Okay, she could still do that.
But she wouldn’t.
‘I said perhaps,’ she reminded him. ‘When you came back. You haven’t been anywhere.’
‘On the contrary, I went to Sussex yesterday,’ he said, and she could see the teasing spark that would be lighting his eyes, the tiny lift at the corner of his mouth that presaged a smile. ‘Command invitation to lunch with the family.’
‘Why is it that I find it hard to believe that you’d respond to anyone’s command?’
‘Well, I did want to borrow a car.’
‘Your family has spare cars lying around?’
‘It’s old. Just taking up space in the garage. I wish I’d taken you with me.’
‘I’m jolly glad you didn’t.’
‘You’re right. Dead boring. Utterly selfish to even consider it. So, anyway, I’ve been somewhere, and now I’m back.’
‘You know I didn’t mean that.’
‘I don’t recall you stipulating a destination. Doesn’t Sussex count?’
It counted. That was the problem. She wanted to have lunch with him.
It would be so easy, sitting opposite him, surrounded by luxury, pretending that they were just two people having lunch together. But then he’d get up and walk away.
She’d already had that dream, but then she’d woken up.
‘I’m really sorry, Sebastian, but I’ve got a deadline that’s getting tighter by the minute. I’m afraid lunch today will have to be a sandwich. But thank you for asking.’

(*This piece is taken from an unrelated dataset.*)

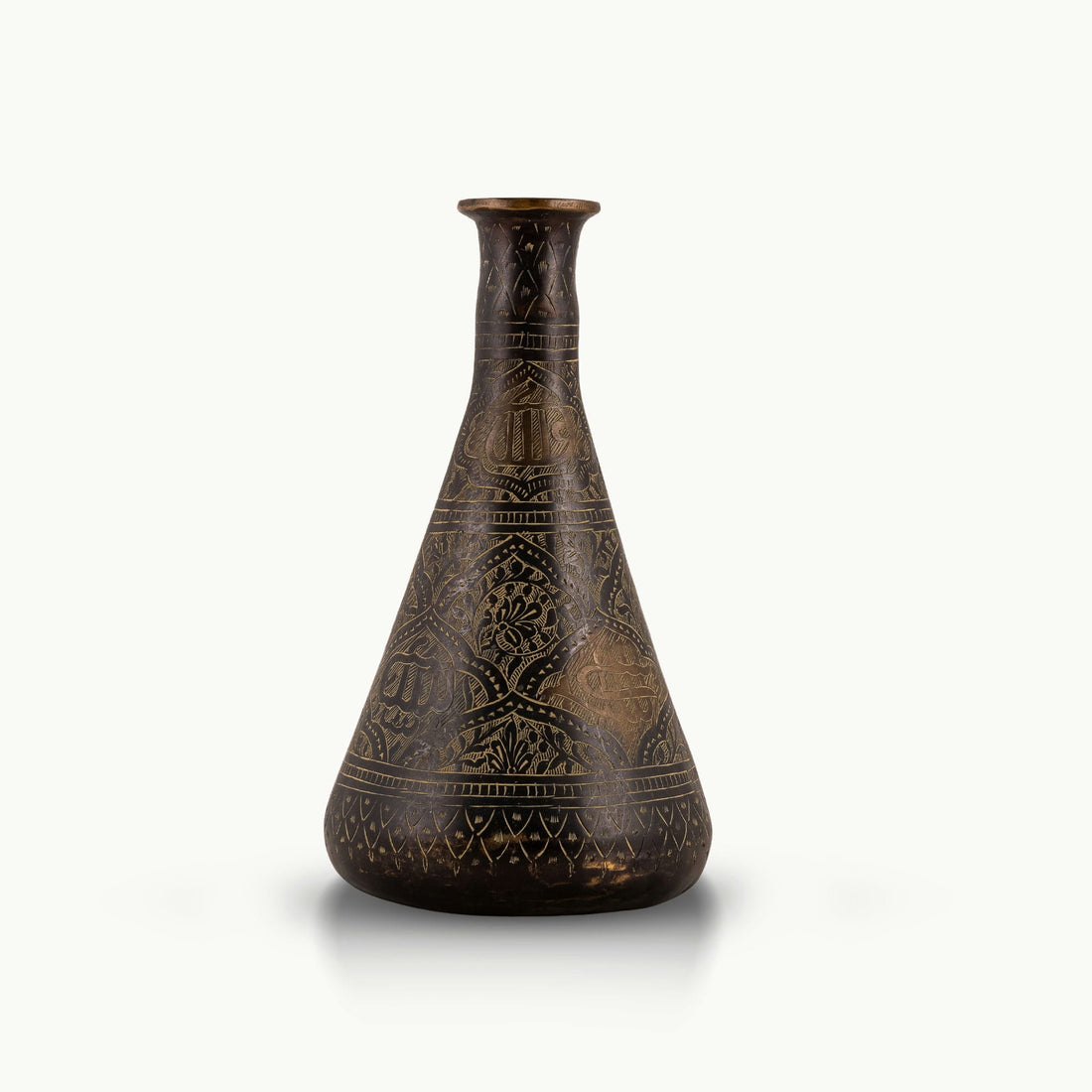 Engraved Brass Decorative Vase showcasing intricate stonework motifs on a neutral room console.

And then, before he could say anything else, she gently replaced the receiver on the cradle.
Sebastian sat back and acknowledged that he could have handled that better.
Giovanni’s, it occurred to him, had been his first mistake.
He’d really wanted to see her, talk to her, but instead of saying so he’d thrown out an invitation to lunch with him at a moment’s notice at the fanciest restaurant he could think of. Few women of his acquaintance could have resisted.
But she wasn’t like other women, and he hadn’t given a single thought as to what she might prefer. Or even that she might have a full and busy life without a moment to spare for him.
Nothing new there. He’d been treating women in that casual, take it or leave it manner for years.
The decent women had left it, the minute they realised he wasn’t offering more. Only the users had hung around: the ones who’d wanted to be seen in smart restaurants, mixing with high-stake players. And that had been just fine. Everyone had got what they wanted without the bother of pretending that they were engaging in anything but the most superficial of relationships.
Nothing messy to interfere with the only thing that really mattered to him. His career.
‘Sebastian, is your phone off the hook?’ Blanche asked, then, seeing him sitting with the receiver in his hand, ‘Oh, you’re making a call.’